Let me tell you the inescapable truth of a movie about ballet: it is as mind-blowingly dull as the real ballet.
There was once a time when it was fresh and exciting to make a movie where the audience was never really sure if the main character was crazy or if she actually inhabited a world where supernatural shit was par for the course. Back in an era where directors and writers actually had talent – a time I like to refer to as "pre-Bay" – a solid script could nail audiences to their seats with its subtle examination of the blurred lines between fantasy and reality.
Nowadays, the only thing nailing me to my seat is the six gallons of watered-down cola that I slurp from a kiddie pool-sized cup in an effort to stay away through utter garbage like "Black Swan." Let me tell you the inescapable truth of a movie about ballet: it is as mind-blowingly dull as the real ballet. In fact, it's worse, because at least while attending an actual ballet performance you might get to witness an anorexic stick figure snap his or her shin bone while landing a jump. No, movie ballet is much more like ice dancing, ballet's retarded Northern cousin, where nothing spectacular ever happens and at the end you can't believe someone's about to win a gold medal – or an Oscar – for something with so little artistic merit.

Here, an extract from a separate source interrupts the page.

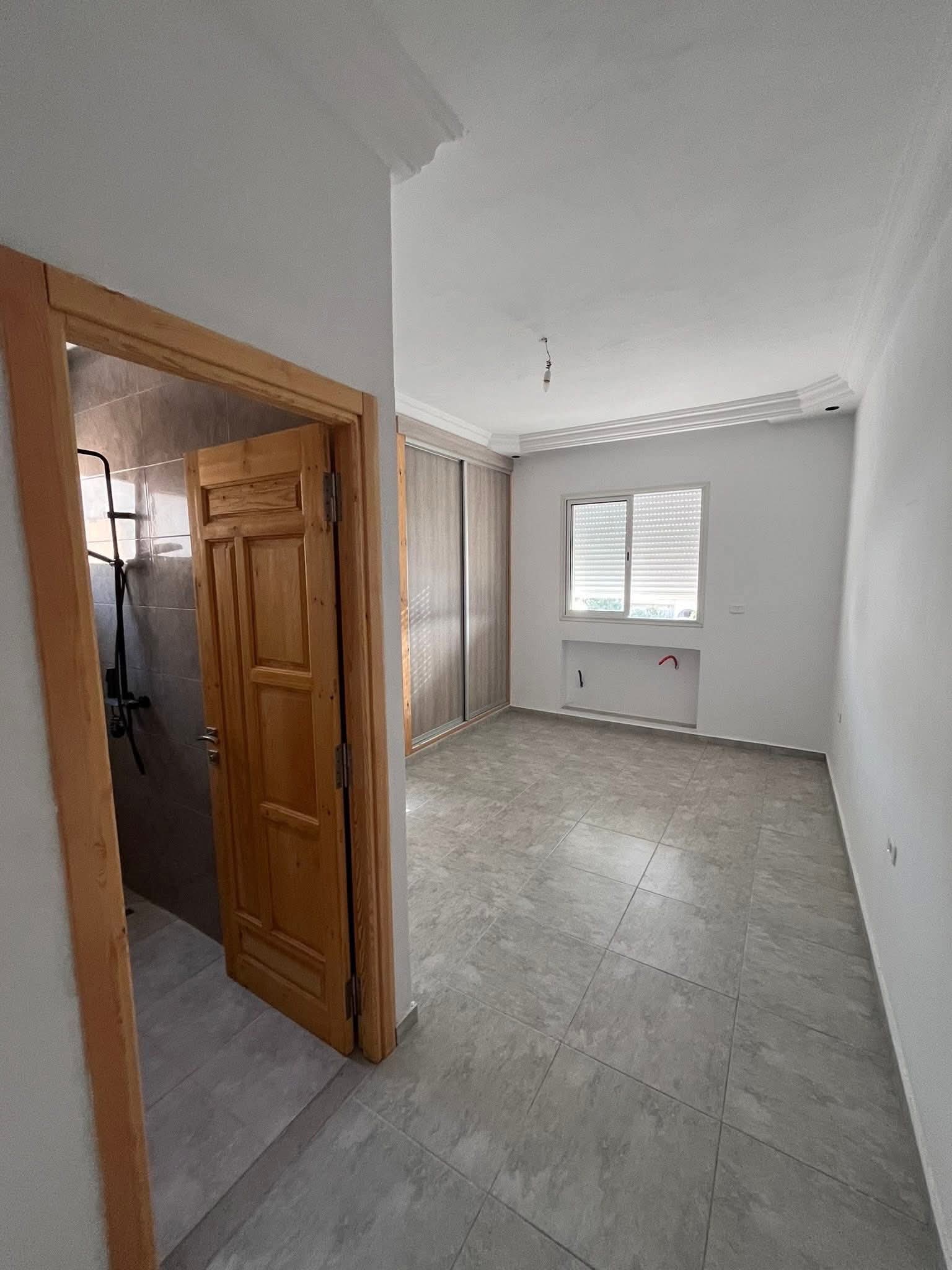 Ariana Ville&nbsp;Riadh Landlous&nbsp;Location&nbsp;Appart. 4 pi�ces&nbsp;Etage de villa s3 1400d riadh andalous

It's 2010. Black Swans just aren't that scary. Oh no! She might be transforming into a SWAN! Say that out loud and then try to tell me you don't feel ridiculous and embarrassed for director Darren Aronofsky. His entire career has been downhill ever since he filmed the "ASS TO ASS" scene in "Requiem for a Dream," an act which single-handedly increased the sales of double-ended dildos to the point where they outpaced those of the Bible.
I will say this about "Black Swan," however - it's not the most money I've ever spent to watch two ballerinas have sex. Those 20 seconds or so of Mila Kunis munching on Natalie Portman's cooter must have been the primary draw for more than half the audience, because after I had ceased my own discrete rustlings under my stained black trench coat I noticed that the majority of the audience was gone.
Actually, in truth I had passed out after Portman and I achieved our first mutual orgasm, and I was only roused from my post-arousal somnolence by the sticky poke of a janitor's broom. Which explained why the theatre was empty, but not why the policeman standing beside him was wearing rubber gloves and telling me to close my eyes and think of England. Good advice, as I would soon find out.